Exercise: State how many lines in the records hold the word "dannosi", giving the number and no other text.

------ Source material

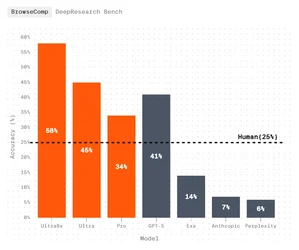 Parag Agrawal อดีตซีอีโอ Twitter เปิดบริษัทใหม่ Parallel ทำ API สำหรับ AI อ่านหน้าเว็บ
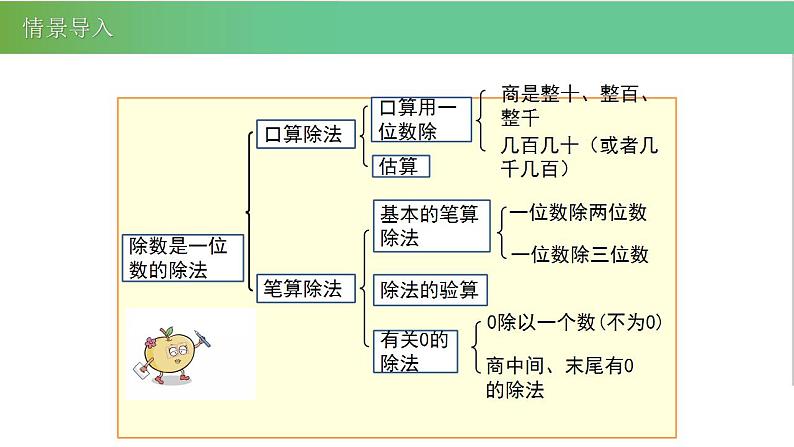 人教版数学三年级下册2.5整理和复习优质教学PPT课件04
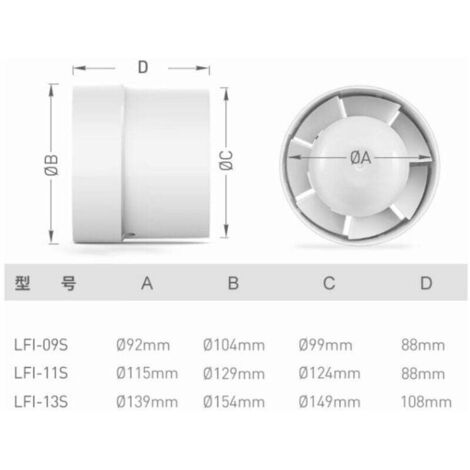 Ventilatore Estrazione Wakects 75mm - Ventola Inline Per Yacht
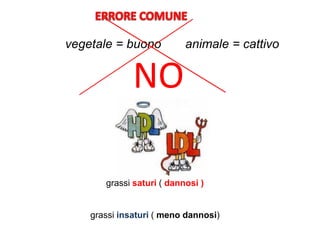 vegetale = buono animale = cattivo
grassi saturi ( dannosi )
grassi insaturi ( meno dannosi)
NO
 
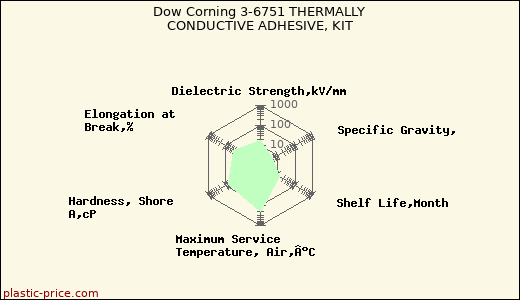 Dow Corning 3-6751 THERMALLY CONDUCTIVE ADHESIVE, KIT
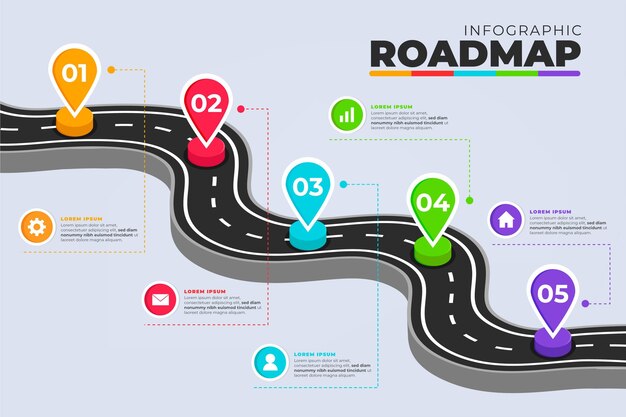 Flat roadmap infographic template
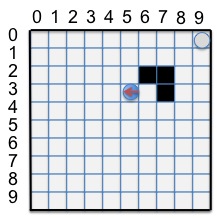 grid4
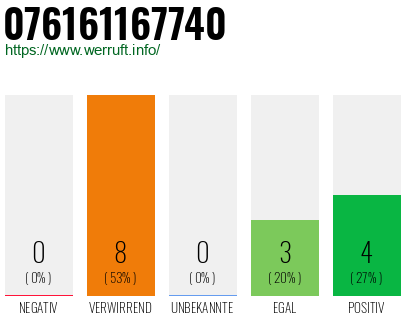 Rufnummer 076161167740 Telefonnummer 076161167740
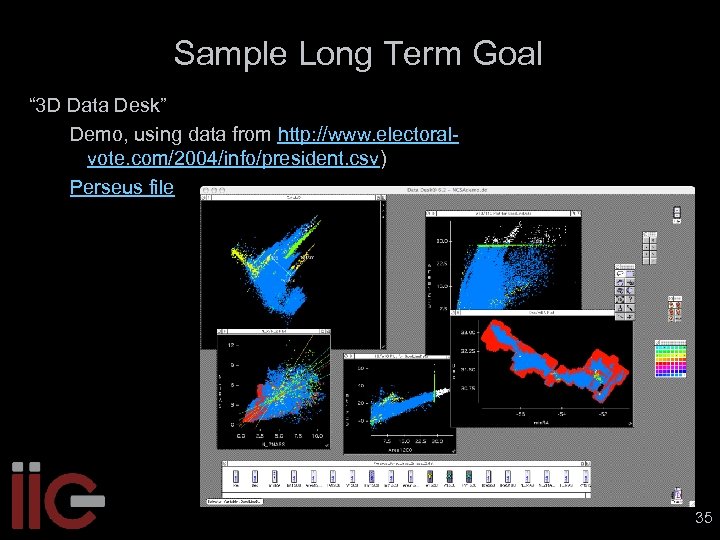 Sample Long Term Goal “ 3 D Data Desk” Demo, using data from http:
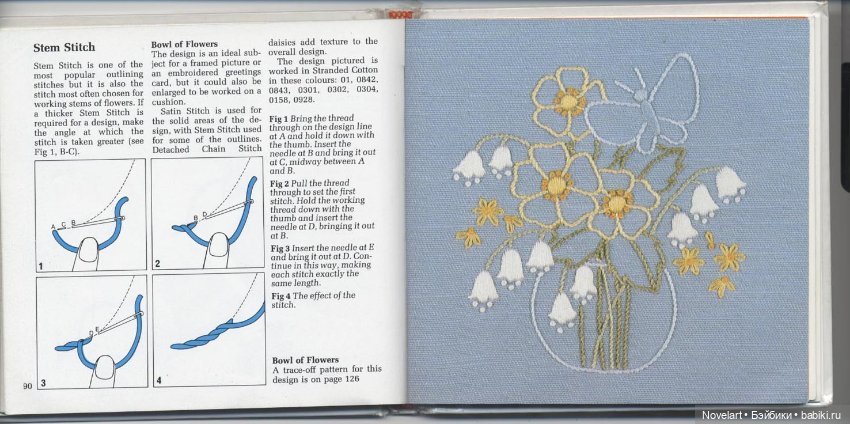 Вышивка в свободном стиле. Схемы стежков с примерами. Часть 2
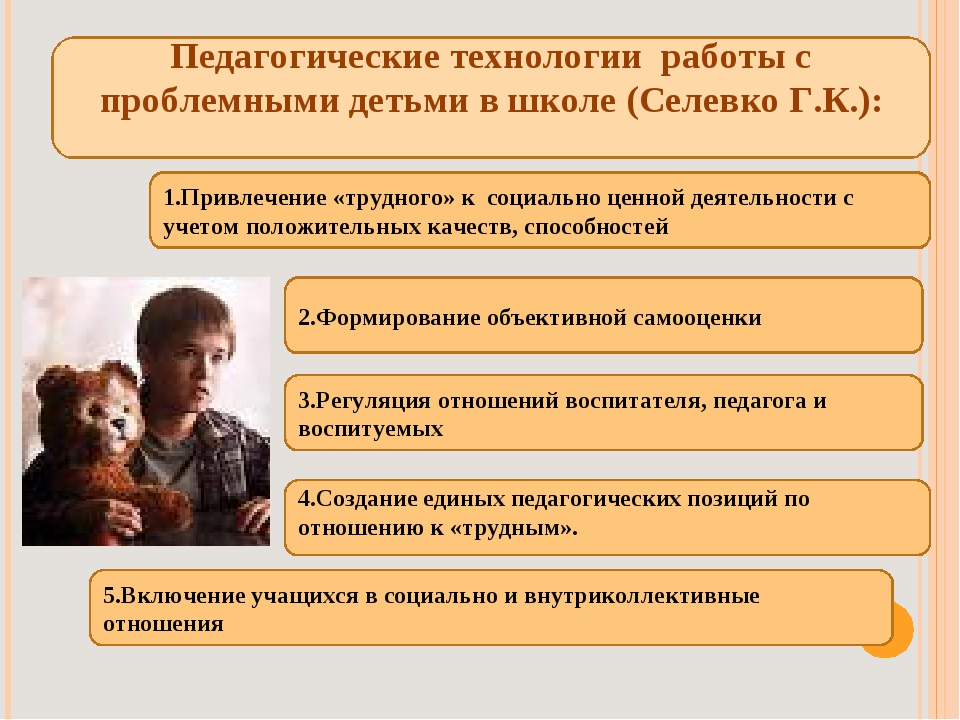 Технологии работы с детьми. Педагогические технологии в социальной работе. Социально педагогические технологии в социальной работе. Технологии социальной работы с детьми группы риска. Технология социально-педагогической работы это.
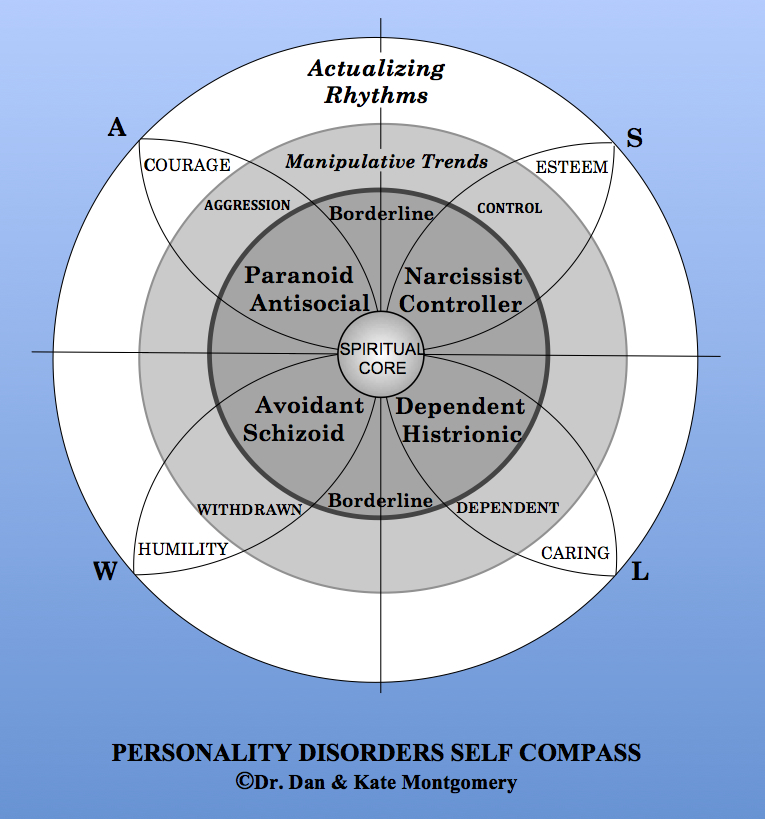 personality compass Thelma greco is the author of بوصلة الشخصية (360 avg rating, 716 ratings, 80 reviews, published 1998. personality compass Thelma greco is the author of بوصلة الشخصية (360 avg rating, 716 ratings, 80 reviews, published 1998.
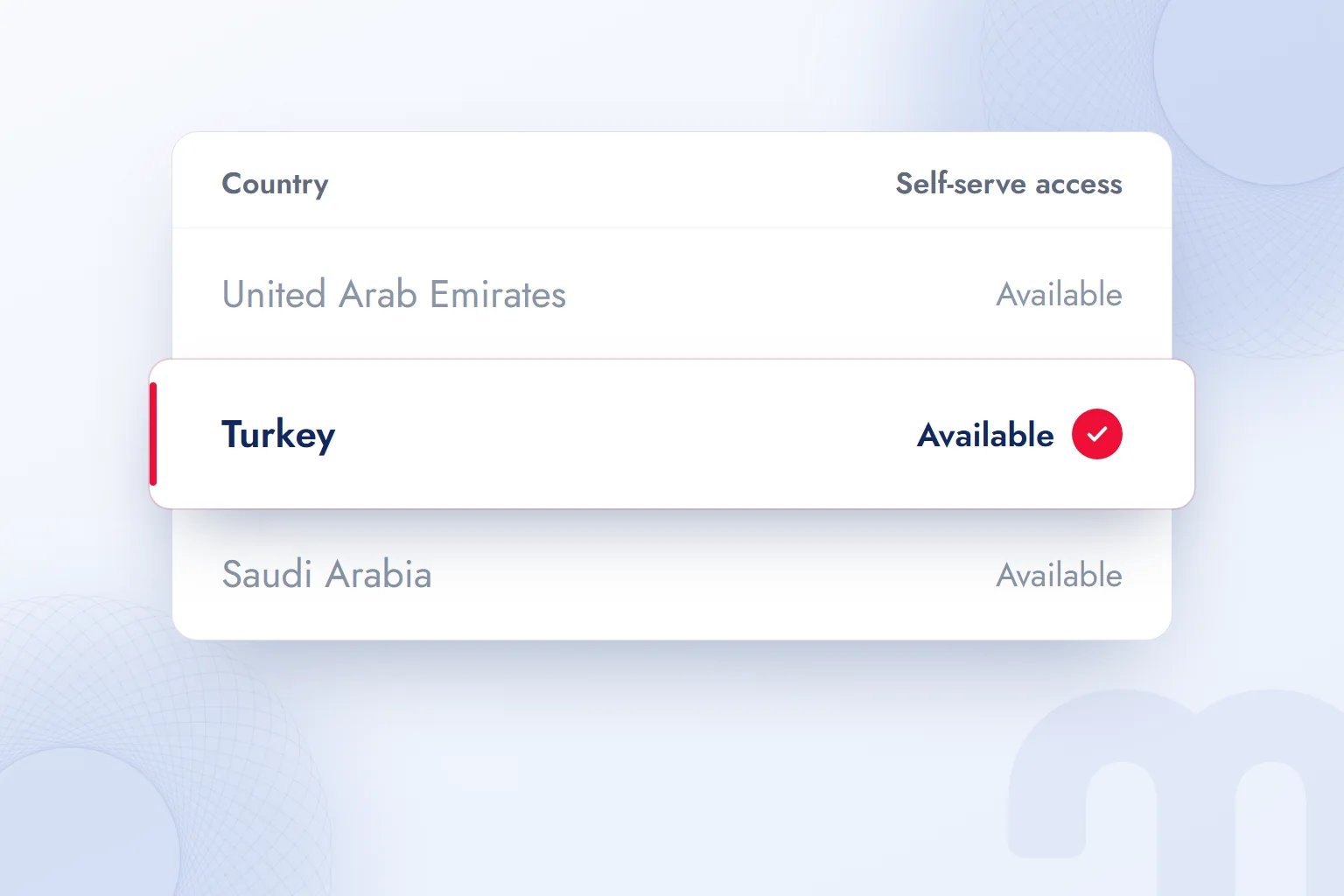 Turkey highlighted as “Available” in the Ads Manager availability list.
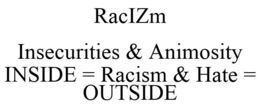 RACIZM INSECURITIES & ANIMOSITY INSIDE = RACISM & HATE = OUTSIDE trademark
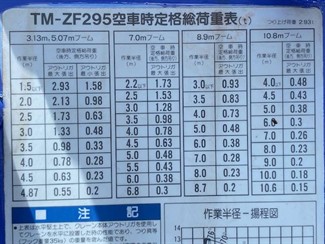 2019 Mitsubishi Canter Unic 10.8mtr - Thumbnail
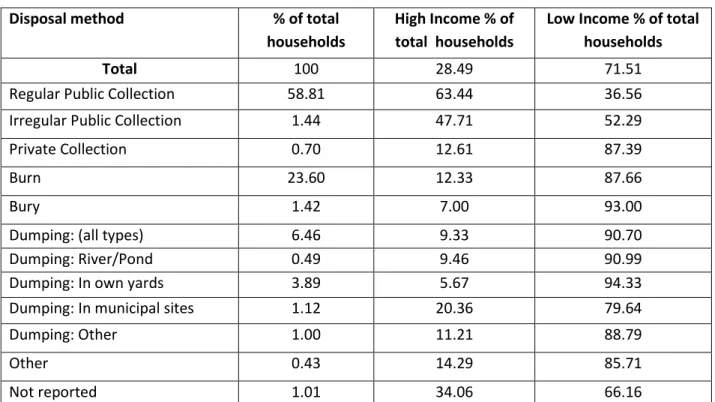 Table 3: Percentage Distributions of Disposal Method 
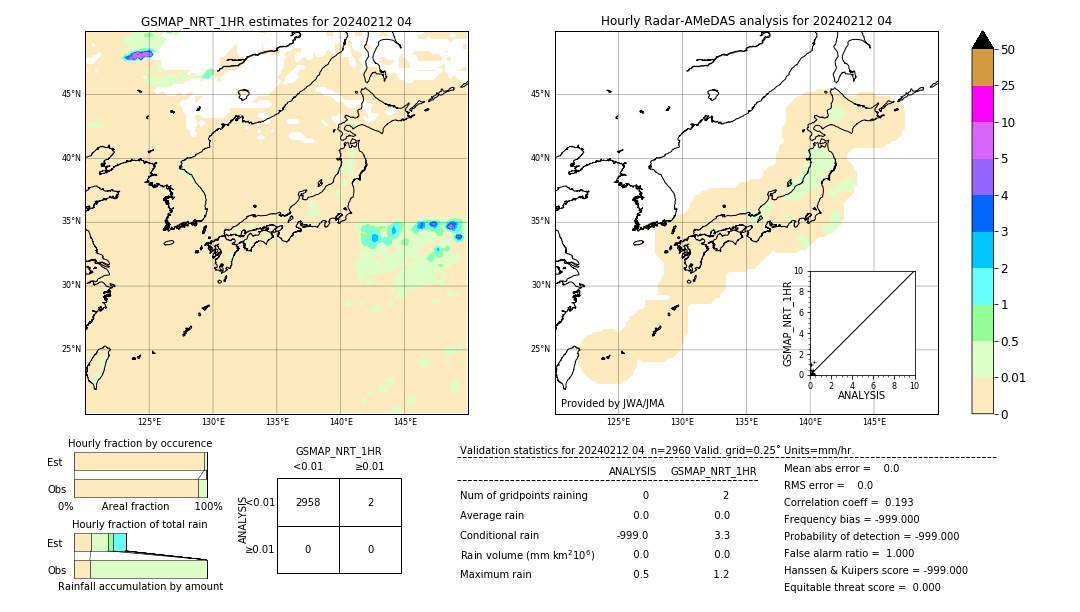 GSMaP NRT validation image. 2024/02/12 04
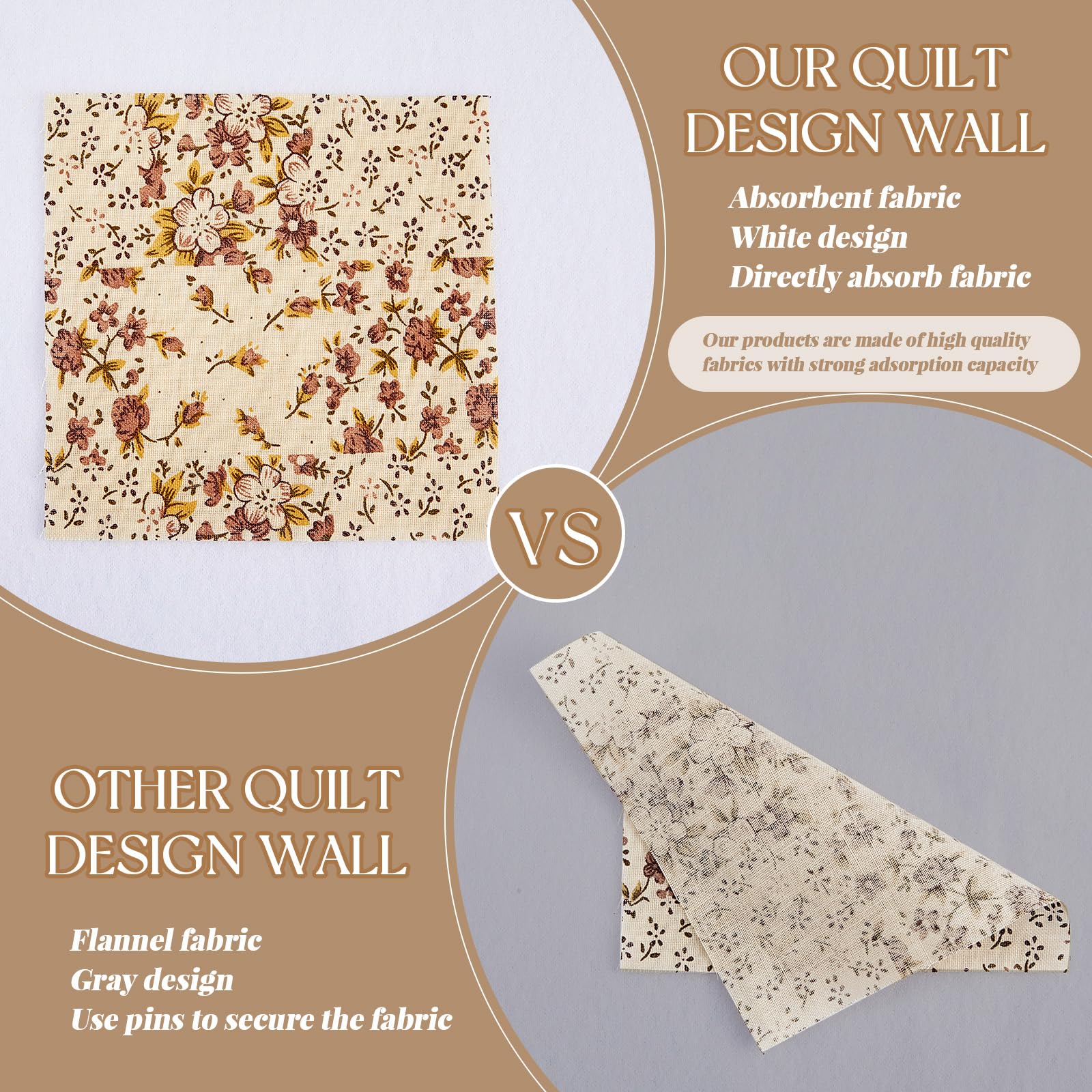 Buryeah 1 Pcs Quilt Design Wall Fabrics 72 in x 60 in with No Grid Lines Flannel for Quilting Design Wall Sewing Supplies for Craft Sew Display Double Sided Fleece (White)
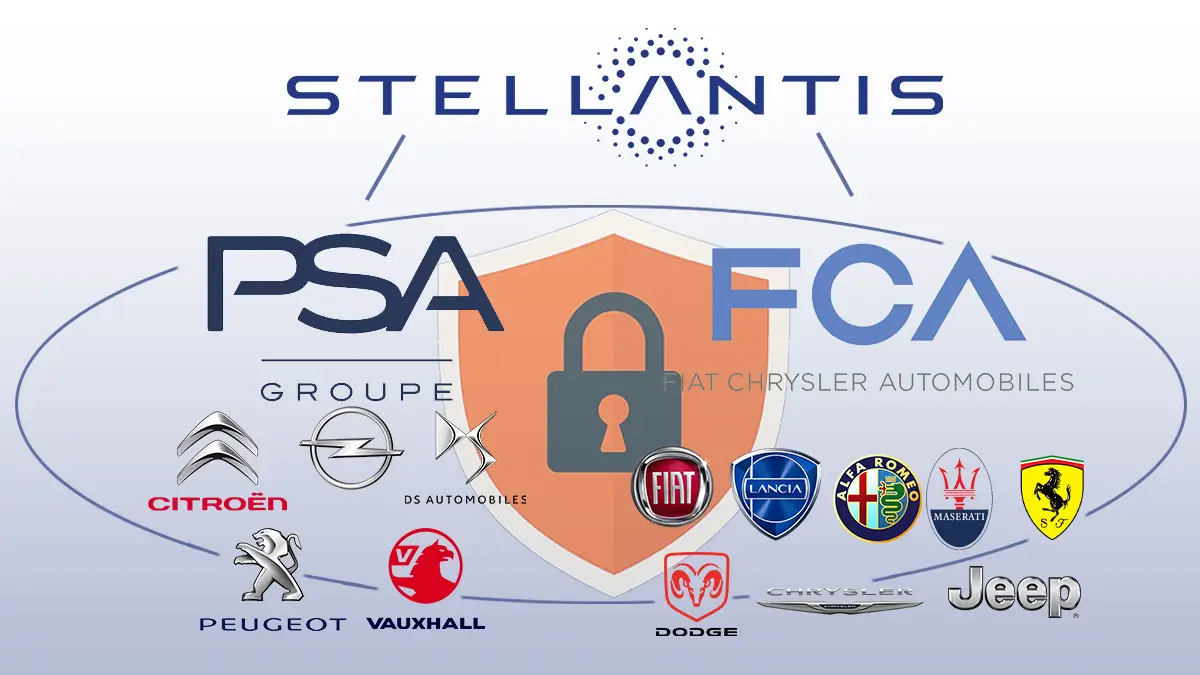 Was ist das Security Gateway?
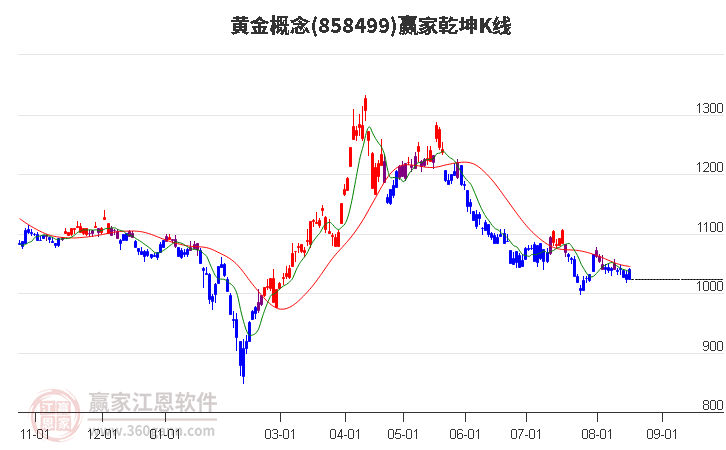 858499黄金赢家乾坤K线工具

------------

Exercise response: 2